Start of STUDY MATERIAL
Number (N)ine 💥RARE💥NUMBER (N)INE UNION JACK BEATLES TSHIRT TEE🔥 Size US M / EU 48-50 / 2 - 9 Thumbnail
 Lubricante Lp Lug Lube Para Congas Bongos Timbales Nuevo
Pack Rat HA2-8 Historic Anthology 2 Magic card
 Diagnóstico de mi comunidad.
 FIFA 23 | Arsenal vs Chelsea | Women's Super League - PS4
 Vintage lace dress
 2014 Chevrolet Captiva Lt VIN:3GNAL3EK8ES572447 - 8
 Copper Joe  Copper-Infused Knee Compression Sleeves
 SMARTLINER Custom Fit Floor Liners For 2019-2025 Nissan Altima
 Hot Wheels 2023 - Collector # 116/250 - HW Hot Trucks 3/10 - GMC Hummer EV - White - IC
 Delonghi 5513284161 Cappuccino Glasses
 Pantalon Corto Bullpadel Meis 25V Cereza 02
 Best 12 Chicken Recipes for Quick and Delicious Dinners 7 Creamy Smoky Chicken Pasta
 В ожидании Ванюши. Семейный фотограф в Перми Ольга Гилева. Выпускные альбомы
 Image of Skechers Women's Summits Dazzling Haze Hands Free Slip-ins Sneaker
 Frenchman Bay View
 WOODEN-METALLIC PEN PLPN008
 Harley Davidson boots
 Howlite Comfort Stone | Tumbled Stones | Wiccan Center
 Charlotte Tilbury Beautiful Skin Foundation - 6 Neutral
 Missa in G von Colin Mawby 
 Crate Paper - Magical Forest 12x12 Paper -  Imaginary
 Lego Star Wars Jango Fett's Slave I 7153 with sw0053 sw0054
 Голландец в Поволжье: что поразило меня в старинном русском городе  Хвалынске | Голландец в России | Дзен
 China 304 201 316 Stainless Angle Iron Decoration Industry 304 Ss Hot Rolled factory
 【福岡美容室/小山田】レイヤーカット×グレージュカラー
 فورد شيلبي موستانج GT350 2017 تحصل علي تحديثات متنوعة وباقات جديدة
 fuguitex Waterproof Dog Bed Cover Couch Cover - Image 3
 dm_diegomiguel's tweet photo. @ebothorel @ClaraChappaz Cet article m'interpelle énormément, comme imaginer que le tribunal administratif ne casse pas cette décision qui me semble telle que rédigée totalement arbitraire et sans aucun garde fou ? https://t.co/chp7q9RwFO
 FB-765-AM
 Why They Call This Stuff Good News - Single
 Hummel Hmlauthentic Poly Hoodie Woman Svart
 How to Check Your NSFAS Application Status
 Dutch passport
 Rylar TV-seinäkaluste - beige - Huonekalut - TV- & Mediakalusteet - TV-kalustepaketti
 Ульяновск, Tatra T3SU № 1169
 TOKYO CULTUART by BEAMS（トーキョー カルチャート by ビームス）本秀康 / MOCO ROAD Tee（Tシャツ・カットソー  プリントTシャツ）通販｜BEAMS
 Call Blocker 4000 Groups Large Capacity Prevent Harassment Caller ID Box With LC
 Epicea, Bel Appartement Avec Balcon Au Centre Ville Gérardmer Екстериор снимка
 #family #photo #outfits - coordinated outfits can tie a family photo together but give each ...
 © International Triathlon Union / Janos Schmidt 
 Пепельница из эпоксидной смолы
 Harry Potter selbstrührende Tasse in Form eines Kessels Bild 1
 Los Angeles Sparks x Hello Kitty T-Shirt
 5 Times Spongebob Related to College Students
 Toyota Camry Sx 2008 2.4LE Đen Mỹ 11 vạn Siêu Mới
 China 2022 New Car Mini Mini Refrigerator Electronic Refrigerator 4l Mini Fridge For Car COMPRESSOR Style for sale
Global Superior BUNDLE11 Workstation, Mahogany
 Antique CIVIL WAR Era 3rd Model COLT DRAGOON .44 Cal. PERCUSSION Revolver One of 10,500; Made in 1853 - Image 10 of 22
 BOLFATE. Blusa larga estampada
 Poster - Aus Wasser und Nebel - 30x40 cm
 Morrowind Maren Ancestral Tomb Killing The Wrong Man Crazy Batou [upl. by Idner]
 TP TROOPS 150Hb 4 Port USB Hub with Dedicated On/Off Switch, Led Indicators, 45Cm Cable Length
End of STUDY MATERIAL
**YOUR ASSIGNMENT:**
Take the line that contains "#family #photo #outfits" and every line after it through the end of the listing above, and repeat them exactly.

**TASK ANSWER:**
 #family #photo #outfits - coordinated outfits can tie a family photo together but give each ...
 © International Triathlon Union / Janos Schmidt 
 Пепельница из эпоксидной смолы
 Harry Potter selbstrührende Tasse in Form eines Kessels Bild 1
 Los Angeles Sparks x Hello Kitty T-Shirt
 5 Times Spongebob Related to College Students
 Toyota Camry Sx 2008 2.4LE Đen Mỹ 11 vạn Siêu Mới
 China 2022 New Car Mini Mini Refrigerator Electronic Refrigerator 4l Mini Fridge For Car COMPRESSOR Style for sale
Global Superior BUNDLE11 Workstation, Mahogany
 Antique CIVIL WAR Era 3rd Model COLT DRAGOON .44 Cal. PERCUSSION Revolver One of 10,500; Made in 1853 - Image 10 of 22
 BOLFATE. Blusa larga estampada
 Poster - Aus Wasser und Nebel - 30x40 cm
 Morrowind Maren Ancestral Tomb Killing The Wrong Man Crazy Batou [upl. by Idner]
 TP TROOPS 150Hb 4 Port USB Hub with Dedicated On/Off Switch, Led Indicators, 45Cm Cable Length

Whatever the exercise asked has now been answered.